とくにやるべき仕事もなかったから代休を消化することにした。
普段通りの時間に家を出て、ニッポンの社長のデドコロを少し聴きながら歩く、途中でランジャタイが『マヂカルラブリーno寄席』について話しているYouTubeラジオに変えて、あのイベントの感動をしがむ。

頭ひとつ抜け切った王者・野田クリスタル「さん」と視聴者数に緊張したメンツが、自分達のネタに野田がヤジを飛ばした瞬間に弛緩していつもの感じになったという話がすごくいい。
あの配信を見たとき、ランジャタイを楽しむための方法、隠れた才能などの切り口とかよりまず、配信でも伝わってくる成熟したプロ地下芸人の内輪感の刺激がとても楽しかった。だから、ガヤを飛ばす芸人が自分の出番が近づいてくるとだんだん緊張してくる様子とかもビンビン伝わってきていたし、結局顔で笑わせた永野の話も、その永野に「そんなことしてまで受けたいか!」とヤジられたザ・ギースを想像したら、終わったイベントとは思えないくらい未だに笑いがこみあげてくる。ランジャタイが表現した、そのときの高佐のまとった空気「俺だけでも世界観」が最高ワードすぎて、スイカをチャージしながら涙がでそうになった。

https://youtu.be/9uedRZQszr8


いつもの時間の電車に乗って、いつもの駅では下りず、10時過ぎに下北沢駅に着いた。
天気は快晴で、下北っぽい若い人がちらほらいるくらい、ただの井の頭線沿いにある駅ののどかさを久々に感じる。同じBONUS TRACK敷地内にある店々が開店前の中、月日は8時から営業していた。ここでコーヒーを飲んでから駅に向かう人も多いのか。
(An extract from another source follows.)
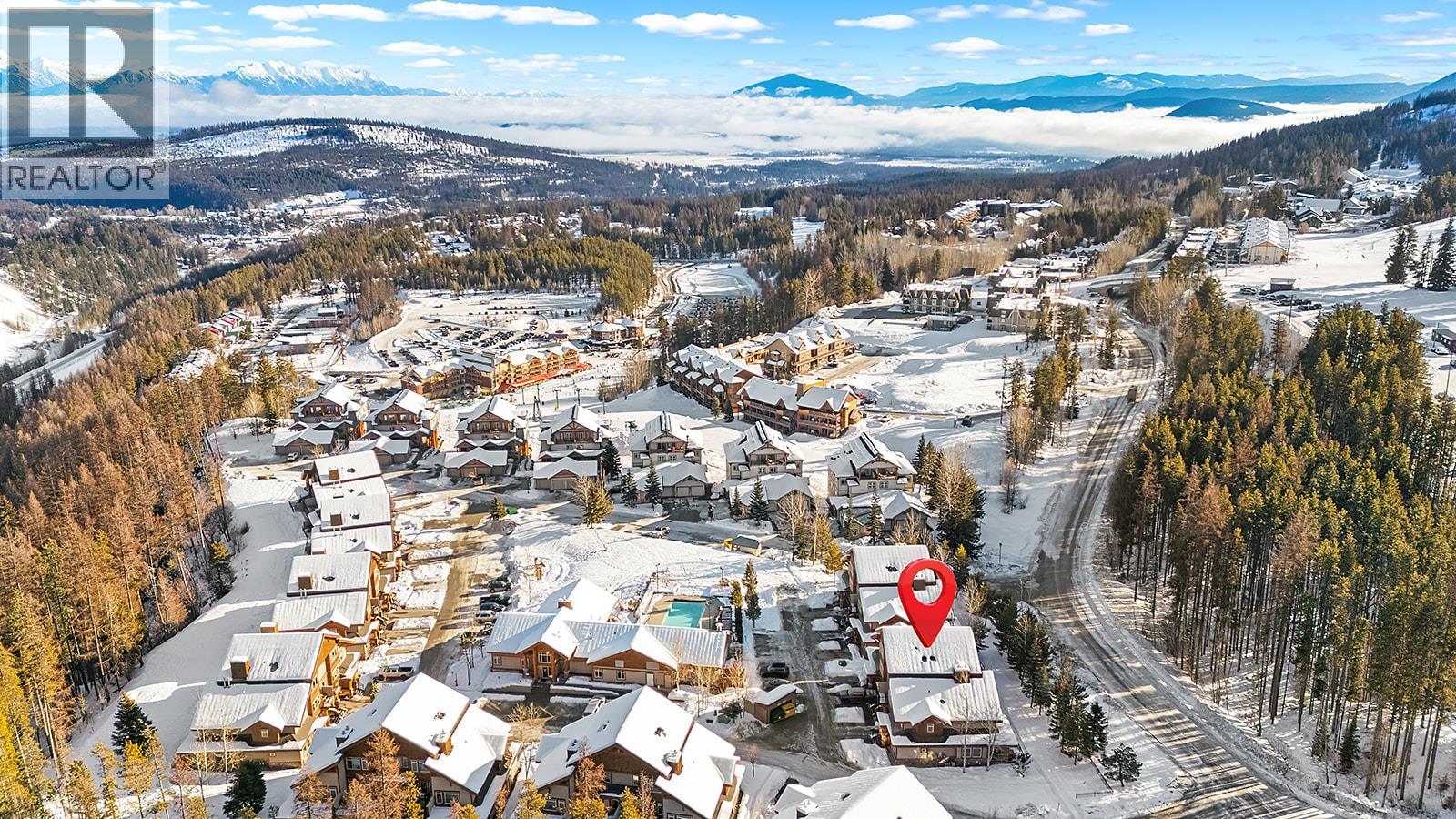 1351 Gerry Sorensen Way Unit# M1-A, Kimberley, British Columbia  V1A 2Y9 - Photo 46 - 10372159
駅の裏から歩く道に気づいて以来、駅からTHREEに向かう商店街を歩くことが減った。あそこももうチェーン店ばかりだと思うけど、ガラガラの道を歩いたら少し寂しくなりそうな気がする。


鍋島讃『言葉に棲む日々』と2冊目を買う。『何月何日』は取り扱っていなくて、もしかしたらと思ったB&Bは開店時間が12時だった。さっさと用事を済ませて渋谷へ。この道中はずっと『オズワルドのニューラジオ』でエレパレについて話している回を聴いていた。

人通りがいつも通りの渋谷から宮益坂を上り、ベローチェに入って買った本を少し読む。
鍋島さんの日記も、日記本をつくろうとする日々を用意するところから始まって、その際に読んでいたのが阿久津さんや柿内さんの日記というから、心持には共感した。
会計したときは気づかなかった、本を入れてくれた袋の中に、小さな紙1枚の「月日の日報日誌」が入っていた。有料で袋を買った場合に入れてくれるのか、知らなかった。
神保町ラドリオのトイレに貼ってある壁新聞を読むのが好きで、月の始まりに行くと扉付近の小さなバケツに入った新聞をもらえたことを思い出す。
お客さんを待つ側の人が、ずっと同じ場所でどんなことを考えているのかを知るのは少し楽しくて、一方通行にならざるはえなくても、そんなことを教えてくれる店が好きだ。


青学の近くにあるはずのクアアイナが見つからず、それで時間を少し使った焦りを抱きながら、目に入った店でパスタと前菜セットでビールを飲み、タコのマリネがおいしかった、イメージフォーラムに入る。


『ハッピーアワー』
公開されたときはその上映時間の長さもあわさって話題になっていたと思うけど、映画を見ることが習慣化されないままここまで来たので、興味はあって見なかった数多くの映画の一つとしてしばらく忘れていた。
今週昼飯を食べた同期が、イメージフォーラムで上映されていたから年始に見てきたと教えてくれて、それから昨日なんとなく開いた『プルーストを読む生活』に、映画批評家・三浦哲哉『「ハッピーアワー」論』を読んだ日のことが綴られていた。
そういえばと思い出し、少し調べるとfuzkueブログで阿久津さんもこの映画の話をしていた。
その中で、

「この文章によって一人でも「そこまで言うなら」つって、貴重な5時間を費やすと
いうかほとんど休日を預けるような感じで映画館に向かってくれたらすごいうれしい
というか、「ざまあみろ!」という気になるというか、見るはずじゃなかった人を一
人でも映画館に向かわせたい」

とあって、この「ほとんど休日を預けるような感じ」が、コロナに飲み込まれた世界が失った最大の積極性に思えてきて、ようし、なら俺はイメージフォーラムに行こうと思った。親しみを感じる場所からの偶然が二つ重なると、縁を感じて体が軽くなる。こういう軽さは特定多数から膨大に欲しい。

https://fuzkue.com/entries/311

安全とか健康とか、そういうのが積み重なった未来そのものを、ルールや施政者に預けられない歯がゆさから生まれるエネルギーは、義務感や反発心や団結感みたいな方向に進みやすいような気がする、それは当然のことと思いつつ、静かな熱量でこそできることが、一日を何かに預けることだと思った。
昨日ネットで座席表を見たときに比べたらまあまあ人が集まっていて、30人くらいが通し券を買っていたらしい、三部に分けられた5時間17分に預けていた。

そういや、体を預ける感覚、ベローチェの喫煙スペースとか、なんとなく煙草を吸う行為と大違いで、タバコを吸いに立つとき、決して自分がまさに体を預け切ってるわけじゃないんだと気づく。
煙草を吸いに立つ、自分の欲を満たすために行動の選択肢を決められる感覚。新幹線の落ち着かなさと同じじゃん。余計貴重だ。

『ハッピーアワー』めちゃくちゃよかった。しばらく、この映画と生活する予感。